This week we’re talking US wind. It’s free, plentiful, carbon neutral and in the right hands could have a radical impact on the future.
Until recently the only tapped version came from on-land sources, but that ship has sailed with the determination of Deepwater Wind CEO Jeff Grybowski. Not only has he successfully developed the first offshore wind farm in the States – a 5-turbine project off Rhode Island which should power 17,000 homes, but he’s also recently celebrated the approval of its very big brother.
When South Fork Wind Farm (estimated cost $740bn) was approved just a few weeks ago, he said, “This is a big day for clean energy in New York and our nation. Governor Cuomo has set a bold vision for a clean energy future, and this project is a significant step toward making that a reality”.
He describes the initial plans for the 15-turbine development as “America’s first utility-scale offshore wind farm” and claims enough energy will be created to power more than 50,000 homes, helping “the State of New York meet its renewable energy goals and avoid the need for costly new energy infrastructure on the East End of Long Island.” Construction, it believes, could start as early as 2019. The New York Times estimate the location could support up to 200 turbines.
Deepwater Wind looks with hungry eyes to Europe where there are approximately 2,500 wind turbines and sees no good reason why it can’t be replicated in its own waters. Grybowski says, “We’re more confident that ever that this is just the start of a new U.S renewable energy industry that will put thousands of Americans to work and power communities up and down the East Coast for decades to come.”
Wind is in a boom period in the States. For the first time, installed wind capacity was greater than hydroelectric, according to the American Wind Energy Association. The American Wind Energy Association says there are wind farms in 41 states – and one of the most recent was developed in North Carolina.
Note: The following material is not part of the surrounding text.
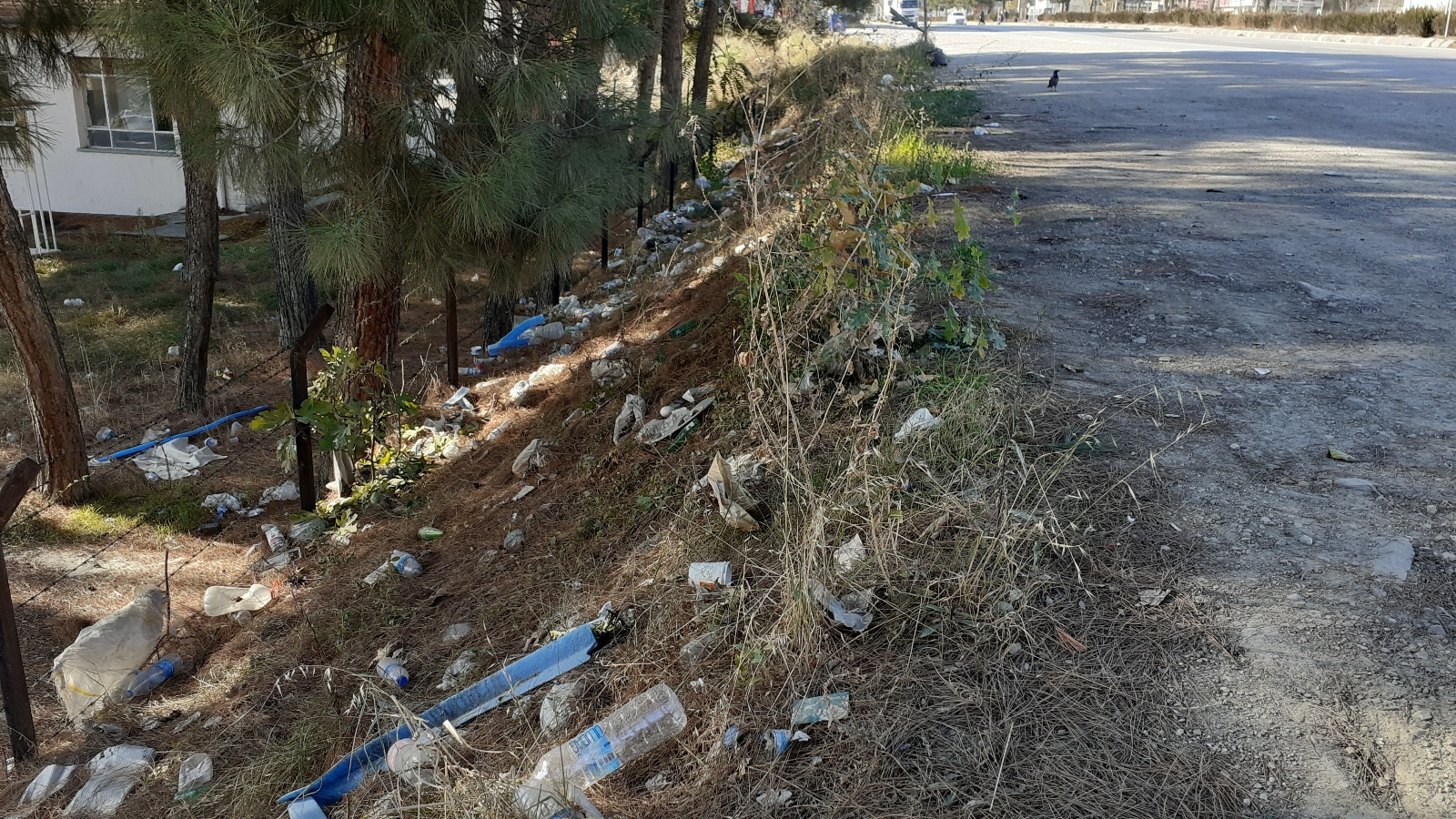 D100 karayolu kenarındaki atıklar ilçe halkını çileden çıkartıyor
This is the site of the Amazon Wind Farm US East, the first commercial-scale onshore wind farm in the state. There are 104 turbines producing enough energy to power 61,000 homes a year. The CEO of Avangrid Inc. James P. Torgerson welcomed the move saying, “We are committed to our vision of leading the transformation of the U.S. energy industry by developing, building and operating the clean energy infrastructure of the future.”
Support isn’t hard to find as elp.com reports, “Almost everyone in the community knows someone who worked on the wind farm, sold or rented something that helped build the wind farm, or owns land where the project was built,” said Cecil Perry, Chairman of the Pasquotank County Board of Commissioners. “These jobs, and this nearly $400 million investment in a rural part of North Carolina, are welcome — everyone in the county will benefit from the long-term property tax payments.”
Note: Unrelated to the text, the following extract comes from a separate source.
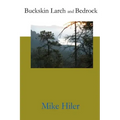 Buckskin Larch and Bedrock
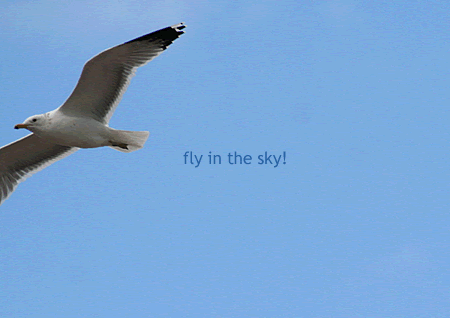 fly in the sky! | main image | MELLOW STUFF DESIGN | メロウスタフ | 商品撮影 | 作品撮影 | 花雑貨制作販売 | 各種デザイン | 東京都目黒区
Total capacity is in excess of 82,000 MW whereas hydroelectric capacity is 80,000 MW. That figure was boosted by the second greatest increase in installations on record, which happened during Q4 in 2016. Almost 7000 MW was installed. The much-celebrated Governor Cuomo has announced that New York would commit to installing 2.4 GW of off-shore wind by 2030. At the same time, the state confirmed the closure of Indian Point (a 2 GW nuclear plant) by 2021.
The Governor’s Office believes this makes long-term sense. It used Superstorm Sandy as a reason to push ahead with the project, saying that South Fork would “provide greater reliability and resiliency for a part of the country very familiar with extreme weather events and outages.”
Nationally there’s no shortage of money coming in either. AWEA CEO Tom Kieran told an audience from an assembly plant in General Motor’s factory in Texas that around 18,000 MW of wind capacity is in the pipeline – representing $60 bn over six years. In addition, the global manager for renewable energy at GM – Rob Threlkeld, said that it was aiming to have every single one of its operations powered by renewable by 2050. Currently half of the power at the Arlington plant is wind power and by next year it would be 100%.
And quality counts. It is interesting to note the comment from renewablenergyworld.com that while China installed almost three times more wind power than it did in 2016 – with 23.3 GW compared to 8.2 GW – it generated only 241 TWh of wind power while the US generated 224 TWh in 2016 – the impact of an inadequate transmission infrastructure. Texas leads the US in wind power and unsurprisingly it is its superior transmission infrastructure which is credited.
It’s truly tempting to get excited about the next chapter in the US’s wind journey – and to expect it naturally to be offshore. There’s just one fly in the ointment, and he calls himself The Donald.